- Promotional poster
- Also known as: Yawang King of the Beast Queen of the Night
- Hangul: 야왕
- Hanja: 野王
- RR: Yawang
- MR: Yawang
- Genre: Melodrama Romance Action
- Based on: Daemul - Tale of Yawang [ko] by Park In-kwon [ko]
- Developed by: Lee Hyun-jik
- Written by: Lee Hee-myung
- Directed by: Jo Young-kwang Park Shin-woo
- Starring: Kwon Sang-woo Soo Ae Jung Yun-ho Kim Sung-ryung Go Joon-hee
- Music by: Lee Jae-gyu Park Seung-jin Choi Min -chang
- Country of origin: South Korea
- Original language: Korean
- No. of episodes: 24

Production
- Executive producers: Choi Ji-yoon Park San-gi
- Producers: Park Yong-soon Lee Hee-soo Yoon Young-ha Ha Sang-hoon Song Jeong-woo
- Production location: Korea
- Running time: 60 minutes, Mondays and Tuesdays at 20:55 (KST)
- Production company: Verdi Media

Original release
- Network: SBS TV
- Release: 14 January – 2 April 2013

= King of Ambition =

South Korean television series

King of Ambition is a 2013 South Korean television series, starring Kwon Sang-woo, Soo Ae, Jung Yun-ho, Kim Sung-ryung, and Go Joon-hee. It aired on SBS TV from 14 January – 2 April 2013 on Mondays and Tuesdays at 21:55 for 24 episodes. Based on Park In-kwon's manhwa of the same title, the same source material as Daemul, the drama tells the tale of an ambitious woman born into poverty who will let nothing stand in her way as she tries to become the First Lady, and a hopeless romantic who will sacrifice anything for her. But when she betrays him, he takes his revenge.

==Plot==
The name Ha Ryu means "a child flown from heaven." He was given this name by the nun who first found him in front of an orphanage; it came to her immediately the moment she saw his pure, innocent face. Ha Ryu's life began in earnest when he first laid eyes on Da-hae at the orphanage. Ha Ryu was a simple boy who disliked chores; however, for Da-hae, there was nothing he would not do or any place he would not go. Whenever Da-hae cried, Ha Ryu became too restless to do anything. But when Da-hae was adopted, they had to part.

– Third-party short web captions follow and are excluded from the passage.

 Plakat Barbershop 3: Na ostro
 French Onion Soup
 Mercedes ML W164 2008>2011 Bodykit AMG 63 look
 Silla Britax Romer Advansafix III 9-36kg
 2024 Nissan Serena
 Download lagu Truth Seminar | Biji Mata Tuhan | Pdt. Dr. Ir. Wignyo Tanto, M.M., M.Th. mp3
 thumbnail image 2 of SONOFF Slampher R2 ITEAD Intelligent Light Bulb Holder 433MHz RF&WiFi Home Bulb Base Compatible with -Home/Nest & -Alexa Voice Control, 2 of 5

Ten years later, Ha Ryu runs into Da-hae again. He feels electrified and like he is losing his mind. Then and there, he swears that nothing will ever come between them again. He also promises himself that he will do anything and everything to make her happy until the day he dies. Da-hae is a bright young woman and Ha Ryu works day and night with all his strength to earn money to pay her university tuition abroad. No matter how tired he is, all he requires to be happy is Da-hae's smile.

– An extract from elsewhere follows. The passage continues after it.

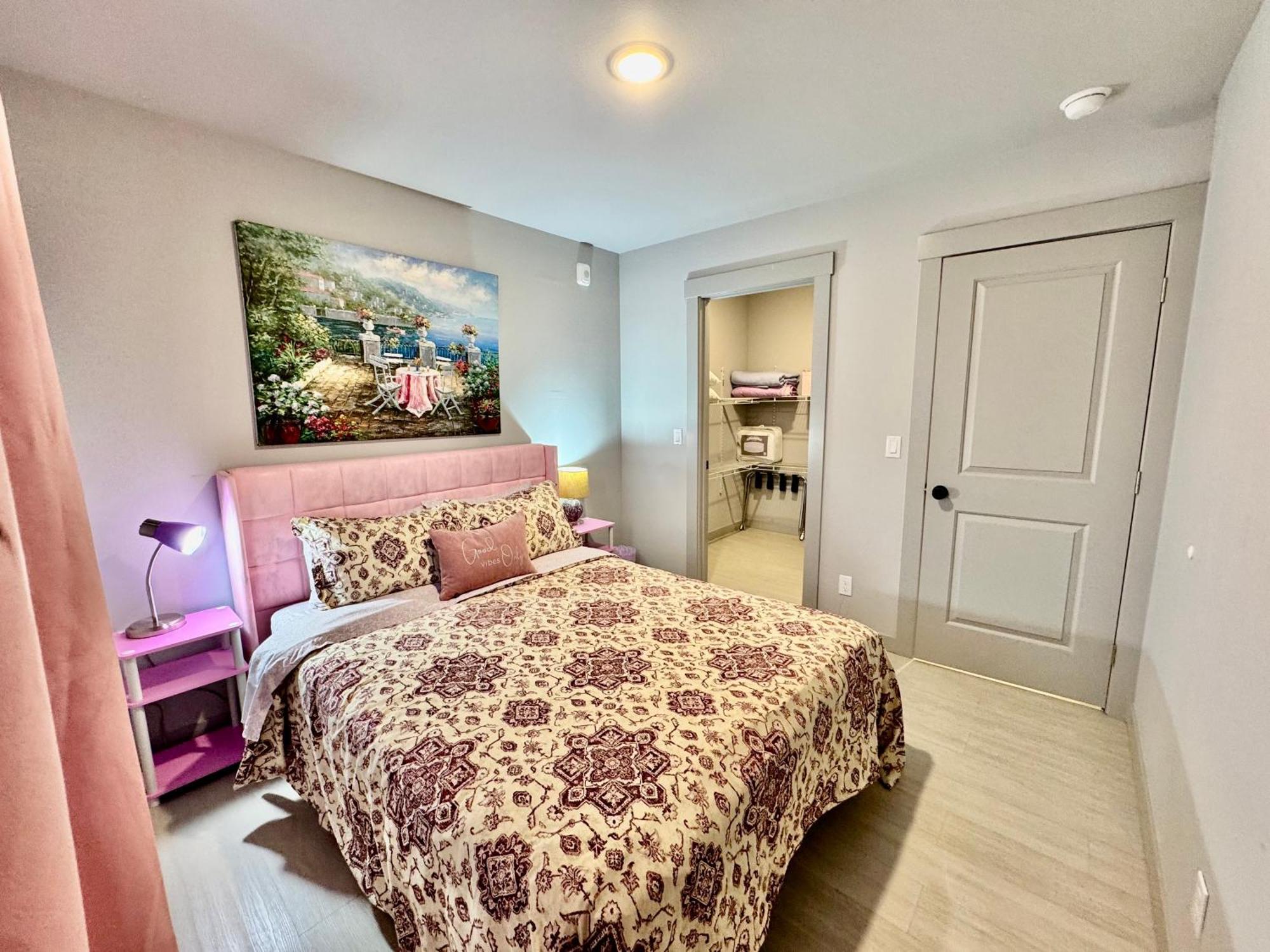 1 Bd Apt With 2 Extra Sofa Beds 13 Mins To Seatac Airport Сиэтл Экстерьер фото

But over time Da-hae changes. Ha Ryu thinks it cannot be permanent when he admires her beauty and sophistication, like a bright, shining star. Even when she frames him for a murder, he tries to understand her. However, when she loses their daughter, Eun-byul, he finally snaps and he cannot forgive her. Ha Ryu changes, too. His wrath erupts like a volcano because of the betrayal of his one true love and turns Ha Ryu into a beast. He, who was once a mere minion in a gang, makes his way to the top and becomes CEO of Baekhak Group, one of South Korea's leading corporations. "I will bring you down with my own two hands and put you back to where you first began. I will step on you and hurt you more than you can imagine," he promises her and his bitter revenge against Da-hae, the woman he, for so long, loved more than life itself, begins... in the end Da-hae becomes the first lady of South Korea, then she is exposed for her crimes after she shoots and injures Ha Ryu.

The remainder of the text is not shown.